Calculating probabilities

A good way to start thinking about calculating probabilities is:

\[ \frac{\mbox{number of times an event can occurs}}{\mbox{size of sample space}} \]

There are two methods for calculating probabilities:

The theoretical probability can be solved mathematically or numerically. Sometimes the math needed to solve a problem is too complex, or intractable that solving it using tools such as algebra and calculus is impossible or relies on certain theories and understandings that you haven’t encountered yet.

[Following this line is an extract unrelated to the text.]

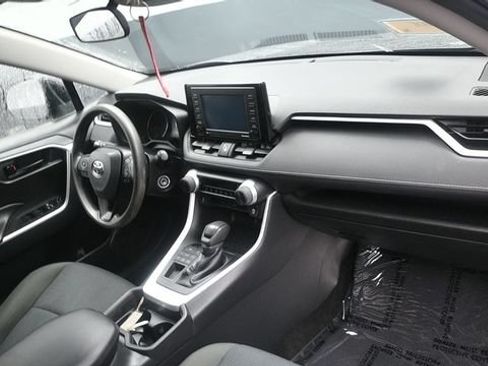 Used 2021 Toyota RAV4 LE w/ Carpet Mat Package (TMS) AWD/4WD image 11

In this class we will explore probabilities both numerically (calculating theoretical probabilities), and also estimating probabilities using simulation. Simulation “simulates” a mathematical problem by using repeated sampling from a sample space and observing what occurs.

Example

How would you find the probability of rolling a 4 on a six sided die?

Theoretical Probability:

Count the number of ways a 4 can be rolled in a six sided die and divide by the number of all possible outcomes.

Estimated Probability:

Roll a 6-sided die 100 times and count the number of times a 4 appears. Then divide that number by 100 to estimate the probability that the die will roll a 4.

Example using R

Continuing with the deck of cards example, find the probability of selected events using R code.

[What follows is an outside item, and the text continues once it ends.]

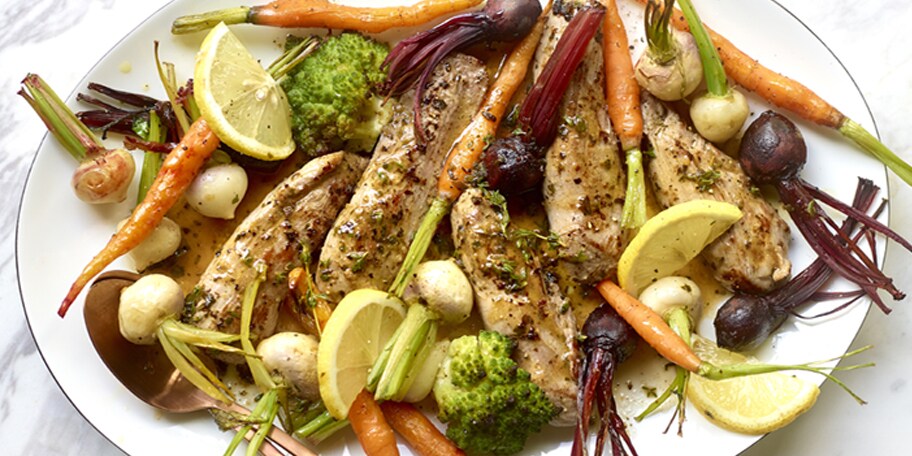 Lamsfilets met kruidenboter en minigroenten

numbers <- rep(c(1:10, "J", "Q", "K", "A"), 4)
suits <- rep(c("H", "C", "D", "S"), each = 13)
deck <- paste0(numbers, suits) # Sample Space
aces <- c("AH", "AC", "AD", "AS") # Event A
hearts <- paste0(c(1:10, "J", "Q", "K", "A"), "H") # Event B
  • \(P(A)\)
length(aces) / length(deck)
## [1] 0.07142857
  • \(A\cup B\):
(aces.and.hearts <- union(aces, hearts))
##  [1] "AH"  "AC"  "AD"  "AS"  "1H"  "2H"  "3H"  "4H"  "5H"  "6H"  "7H"  "8H" 
## [13] "9H"  "10H" "JH"  "QH"  "KH"
length(aces.and.hearts) / length(deck)
## [1] 0.3035714

Simulations with sample()

The R function sample can be used to simulate sampling from a bunch of outcomes. Think of it as putting names in a hat and individually drawing the names out of the hat. When you use the function sample you need to give a vector to sample from and also the sample size. The default is to sample without replacement with each item having equal probability of being selected.

❓ What does sampling without replacement mean?

once the outcome has been observed, it is removed from the sample space before the next draw. That is, the same outcome can’t be drawn more than once.

Example

Take a sample of 2 from the numbers 1 through 10 without replacement.

x <- 1:10   # Define the space
sample(x, size = 2) # Sample 2 items from the space
## [1] 7 9

You try it

Sample without replacement three months from the list of months

months <- c("Jan","Feb","Mar","Apr","May","Jun","Jul","Aug",
            "Sept","Oct","Nov","Dec")
sample(months,size = 3)
## [1] "Nov" "Jan" "May"

The defaults can be changed. For instance, if you want to sample with replacement you would just add replace=TRUE to the command. This allows you to sample more values than the size of the sample space

Example

x <- 1:5 
sample(x, size = 10, replace = TRUE)
##  [1] 5 2 1 3 4 4 2 1 2 2

You try it

Create a sample of 10 random days of the week.

days <- c("m", "t", "w", "r", "f", "sa", "su")
sample(days,size = 10, replace = TRUE)
##  [1] "m"  "t"  "r"  "f"  "w"  "su" "w"  "r"  "t"  "su"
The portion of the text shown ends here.